Fred Landrum's hand hurt a bit Monday morning, the result of catching baseball pitches tossed on Sunday by a hard thrower much younger than himself.
"Actually, I am a little sore all over," Landrum said.
The president of Prosperity America Inc. in Midland, Ga., said a few aches are expected from playing baseball at age 62. Still, he was planning to play in some softball games Monday evening.
Landrum plays in the Billy Hitchcock Men's Senior Baseball League, which conducts games on Sunday afternoons at Golden Park in Columbus and high school fields in and around Lee County, Ala.
Sunday at Golden Park, a draft of players took place and a couple of scrimmage games were played.
Landrum not only plays catcher but manages one of the teams.
He loves baseball and is thrilled to be able to compete at his age.
"Some folks are shocked when I tell them I play baseball," he said.
The Billy Hitchcock Men's Senior Baseball League was established in 2002. It is affiliated with the Men's Senior and Adult Baseball League, a national organization for baseball leagues for players of various skills and age.
Named for former major league player and manager Billy Hitchcock, the local league is an 18-and-over wood bat league.
It was begun by Gary Gomez, a Delta Air Lines pilot who lives in Auburn, Ala.
Gomez, 54, said he was driving to Peachtree City, Ga., to play baseball and got tired of traveling.
"We try to provide a professional atmosphere. These are serious amateur baseball players," Gomez said.
He said most of the players have
a good baseball background.
The season will begin in April and run into August. Gomez said there should be six teams with 18-20 players per team. The price tag for players varies among teams but usually runs about $150.
All you need is a glove, shoes with cleats and a love for the game, he said.
Landrum said there is free substitution in the games, so everyone plays.
Answers to other questions about the league may be found at www.billyhitchcockmsbl.com.
Gomez said people need to exercise and baseball "motivates you to get off your rear end."
Landrum and Gomez both said that as a way of staying physically fit, playing ball beats spending time in a gym.
Landrum said playing ball could inspire a person to go to the gym and get in better shape to play ball.
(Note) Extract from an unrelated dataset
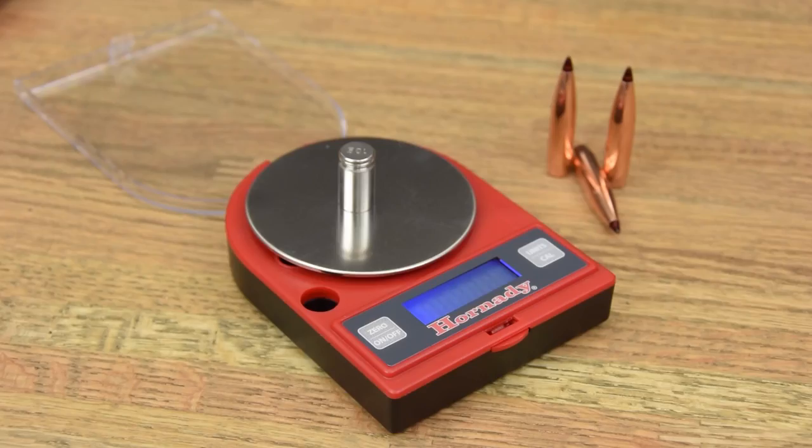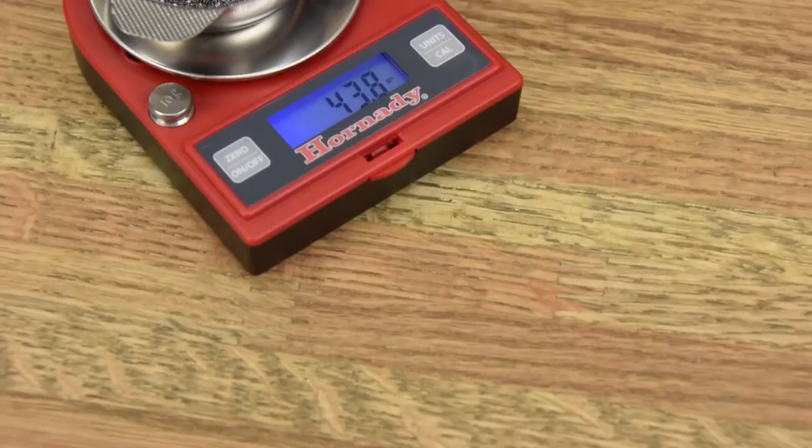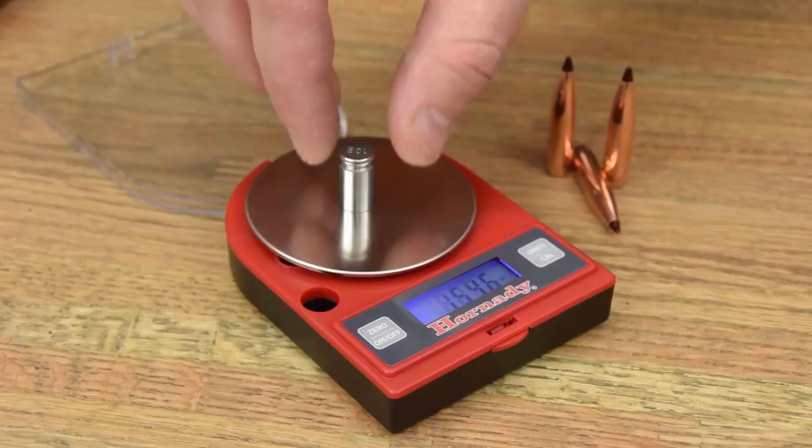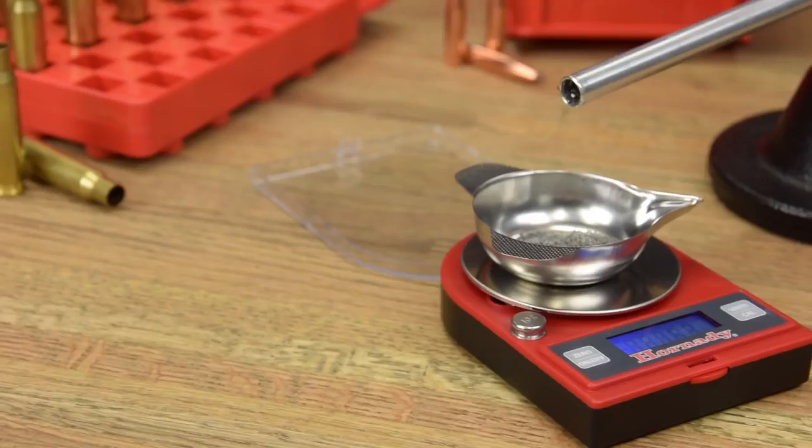The precision load cell ensures 1 tenth grain accuracy up to 500 grains. With a max reference measurement of 1,500 grains, the Hornady G2-1500 Electronic Scale offers the flexibility to either trickle powder into the pan or simply weigh charges, cases, or bullets directly.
"It gives you a reason to want to go better yourself," Landrum said.
Phil Pattersen, 31, of Columbus, who is in the restaurant business in Atlanta, enjoys playing in the league.
"I pitch, but center field is my love," he said.
He said he played baseball in college and some minor league ball. He likes that he can continue to compete.
Like Landrum, he plays softball in addition to baseball.
He said that it is a great way to stay in shape and there is another benefit to playing ball:
"It's great stress relief," he said.